Roma, 7 lug. (askanews) – Firmato ieri a Forlimpopoli, durante le Feste Artusiane, un protocollo d’intesa tra Fondazione Casa Artusi e Fondazione Qualivita per promuovere congiuntamente il patrimonio culturale agroalimentare italiano di qualità, con un’attenzione particolare al patrimonio delle Indicazioni Geografiche. L’intesa nasce dalla complementarità tra le due realtà culturali e dalla convergenza dei rispettivi patrimoni: da un lato, La scienza in cucina e l’arte di mangiar bene di Pellegrino Artusi; dall’altro, l’Atlante Qualivita, strumento contemporaneo che documenta, valorizza e tutela il sistema dei prodotti agroalimentari certificati.

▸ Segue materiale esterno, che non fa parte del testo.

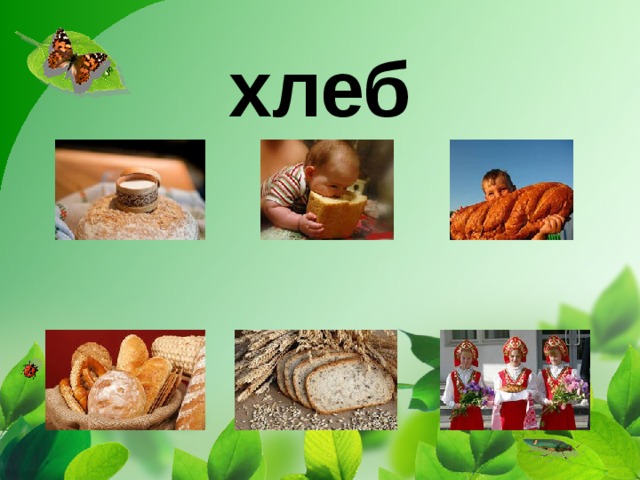 хлеб 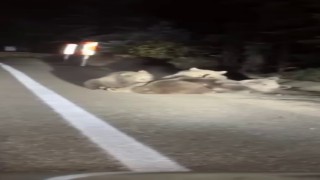 Uludağda vahşi doğanın en tatlı anı... Anne ayı yavrularını emzirirken görüntülendi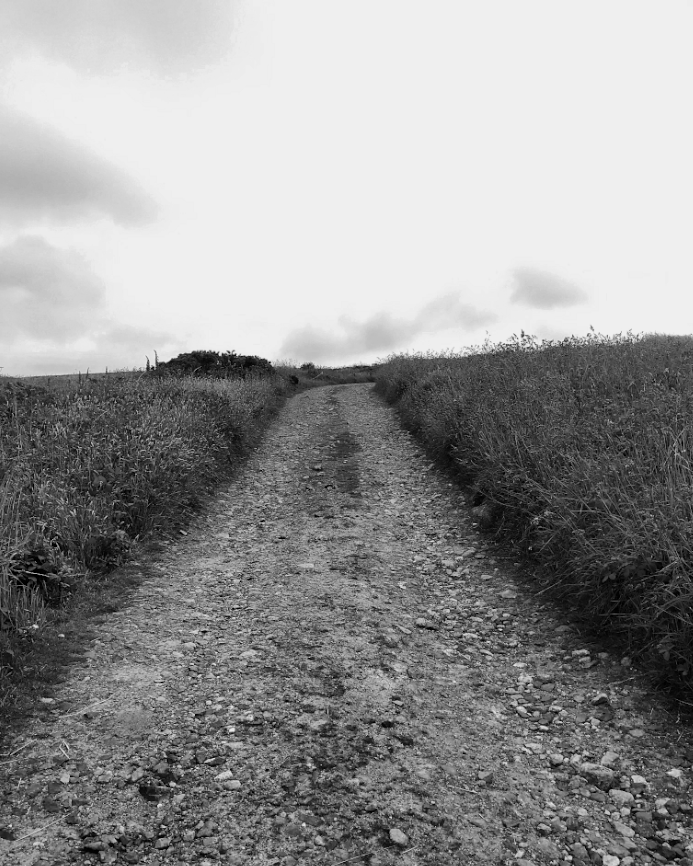 HooklandGuide's tweet photo. There's a network of lych ways and coffin tracks on Barrowcross and North Moor. Old processional paths the dead were carried along to nearest church for burial. Mostly neglected in an era of Co-op funerals, some still see use. There are limits to where most hearses can get. https://t.co/vr2h7RRI6t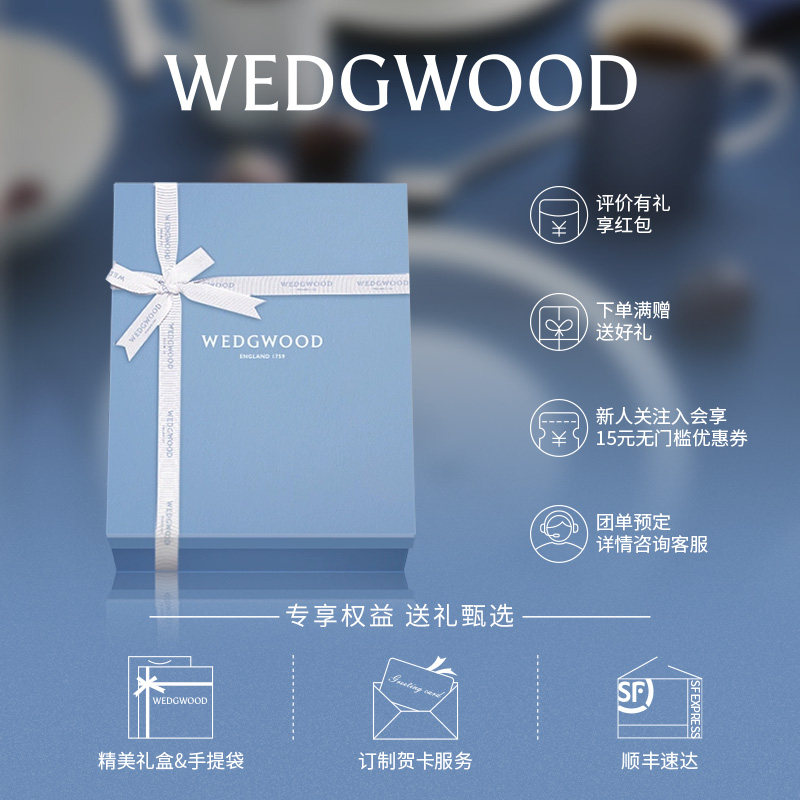 【结婚礼物】WEDGWOOD威基伍德欢愉假日陶瓷马克杯水杯对杯礼品,淘宝优惠券,粉丝福利购,淘宝优惠卷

L’accordo prevede la realizzazione di attività comuni nel campo della divulgazione culturale, dell’educazione alimentare, della formazione e della promozione territoriale, in Italia e all’estero. In particolare, le due Fondazioni si impegnano a sostenere, con progettualità condivise, la candidatura della cucina italiana a patrimonio culturale immateriale dell’umanità UNESCO, di cui Casa Artusi è comunità proponente, rafforzando così il legame tra cultura, territorio e qualità.
Mauro Rosati, direttore di Fondazione Qualivita, ha spiegato che “insieme, le nostre due Fondazioni possono offrire al sistema Italia un patrimonio integrato di competenze e risorse culturali che rappresentano, a 360 gradi, l’identità del Made in Italy enogastronomico. Proprio a partire da questa sinergia, vorremmo avviare anche una riflessione condivisa per valorizzare, a Siena e in Toscana, la figura di un gastronomo contemporaneo come Giovanni Righi Parenti, che ci ha lasciato un’eredità culturale preziosa, ancora poco conosciuta e meritevole di essere riscoperta”, ha concluso.